START Record extracts

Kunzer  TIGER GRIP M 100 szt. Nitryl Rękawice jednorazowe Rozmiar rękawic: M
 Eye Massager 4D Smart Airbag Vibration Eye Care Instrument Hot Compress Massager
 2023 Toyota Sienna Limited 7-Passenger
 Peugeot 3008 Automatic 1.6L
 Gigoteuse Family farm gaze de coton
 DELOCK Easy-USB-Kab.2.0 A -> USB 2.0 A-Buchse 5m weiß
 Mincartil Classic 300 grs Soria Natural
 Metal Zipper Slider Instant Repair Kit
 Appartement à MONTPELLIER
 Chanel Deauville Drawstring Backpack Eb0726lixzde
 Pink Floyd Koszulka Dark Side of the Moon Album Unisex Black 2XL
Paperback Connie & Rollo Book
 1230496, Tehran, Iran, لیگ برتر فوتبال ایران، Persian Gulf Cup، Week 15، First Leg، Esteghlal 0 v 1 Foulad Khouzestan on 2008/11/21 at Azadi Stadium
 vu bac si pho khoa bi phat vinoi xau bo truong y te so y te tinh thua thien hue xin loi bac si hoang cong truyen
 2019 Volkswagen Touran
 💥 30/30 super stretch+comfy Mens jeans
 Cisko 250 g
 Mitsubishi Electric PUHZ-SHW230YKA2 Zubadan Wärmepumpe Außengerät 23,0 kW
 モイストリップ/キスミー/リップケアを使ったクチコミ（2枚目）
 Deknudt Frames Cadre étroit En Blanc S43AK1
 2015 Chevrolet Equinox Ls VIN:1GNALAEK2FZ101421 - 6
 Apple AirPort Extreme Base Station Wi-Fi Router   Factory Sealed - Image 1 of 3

END Record extracts

:: What is being asked ::
Reproduce the data in full. Nothing in it may be altered.

:: Written answer ::
Kunzer  TIGER GRIP M 100 szt. Nitryl Rękawice jednorazowe Rozmiar rękawic: M
 Eye Massager 4D Smart Airbag Vibration Eye Care Instrument Hot Compress Massager
 2023 Toyota Sienna Limited 7-Passenger
 Peugeot 3008 Automatic 1.6L
 Gigoteuse Family farm gaze de coton
 DELOCK Easy-USB-Kab.2.0 A -> USB 2.0 A-Buchse 5m weiß
 Mincartil Classic 300 grs Soria Natural
 Metal Zipper Slider Instant Repair Kit
 Appartement à MONTPELLIER
 Chanel Deauville Drawstring Backpack Eb0726lixzde
 Pink Floyd Koszulka Dark Side of the Moon Album Unisex Black 2XL
Paperback Connie & Rollo Book
 1230496, Tehran, Iran, لیگ برتر فوتبال ایران، Persian Gulf Cup، Week 15، First Leg، Esteghlal 0 v 1 Foulad Khouzestan on 2008/11/21 at Azadi Stadium
 vu bac si pho khoa bi phat vinoi xau bo truong y te so y te tinh thua thien hue xin loi bac si hoang cong truyen
 2019 Volkswagen Touran
 💥 30/30 super stretch+comfy Mens jeans
 Cisko 250 g
 Mitsubishi Electric PUHZ-SHW230YKA2 Zubadan Wärmepumpe Außengerät 23,0 kW
 モイストリップ/キスミー/リップケアを使ったクチコミ（2枚目）
 Deknudt Frames Cadre étroit En Blanc S43AK1
 2015 Chevrolet Equinox Ls VIN:1GNALAEK2FZ101421 - 6
 Apple AirPort Extreme Base Station Wi-Fi Router   Factory Sealed - Image 1 of 3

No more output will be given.